What is probably the earliest known Tibetan māndala and a masterpiece of Mongolian art are among the major Asian works of art to be exhibited by Rossi & Rossi
at TEFAF Maastricht at the Maastricht Exhibition and Congress Centre (MECC) from 14 to 23 March 2014, Stand 166. Rossi & Rossi specialise in both Indian and Himalayan art, focusing particularly on classical and contemporary Tibetan art.
The 11th century Vajradhatu māndala is not only a very rare and early example from Tibet but is also of monumental size, measuring 125 x 125 cm. Offered for sale for $2.2 million, it has been in a private European collection since the 1980s, was exhibited in 2003 and 2004 in Himalayas: An Aesthetic Adventure at The Art Institute of Chicago and Arthur M. Sackler Gallery, Smithsonian Institution, Washington , D.C. , and has been extensively published. A māndala, literally a circle, is a spiritual symbol in Hinduism and Buddhism representing the Universe and is used as an aid to meditation and a teaching tool.

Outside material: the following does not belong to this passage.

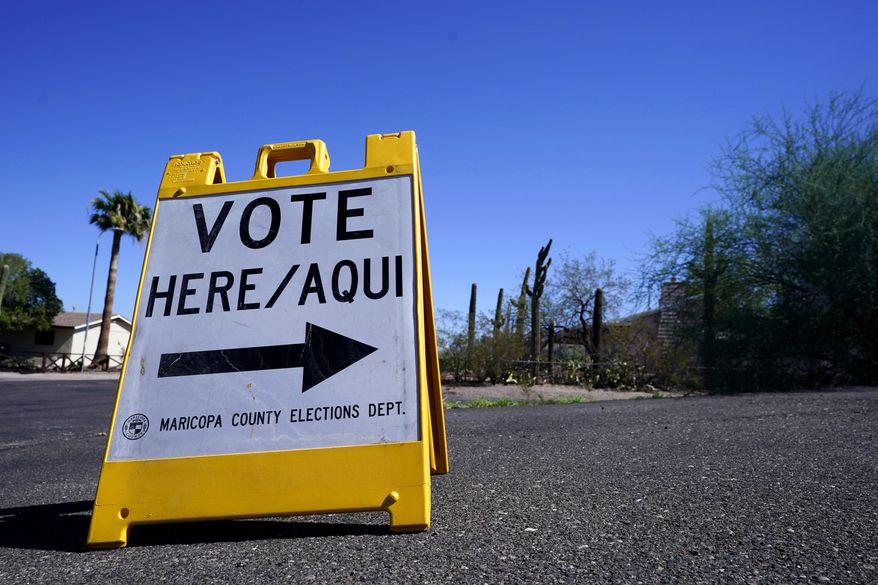 A sign marks the entrance to a voting precinct on the first day of early voting in the general election in Phoenix, Oct. 12, 2022. (AP Photo/Ross D. Franklin, File)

This important and complex example represents the Adamantine Sphere (Vajradhatu) in which the cosmic Buddhas were arranged by Indian tantric schools. The essential feature is a central palace with ornaments and symbols, occupied by a Lord with his circle and protected by a belt of vajras (thunderbolts) and a fire ditch which also protects the abodes of the three main cosmic Buddhas. Each Buddha, except the central one, is surrounded by four of the Sixteen Vajra Bodhisattvas. The corners of the inner palace are occupied by four goddesses, between the walls of the inner and outer palaces there are four groups of four more, and four guardians occupy the outside doors. Five men involved in the ritual of consecration of the painting, an officiating lama and four donors, are portrayed in the bottom left corner outside the external ditch of flames. This māndala represents possibly the earliest extant painted rendition of Buddhist symbolism and Indian conceptions and aesthetics laid down in the Sanskrit texts translated into Tibetan in the 8th-9th and 11th-14th centuries.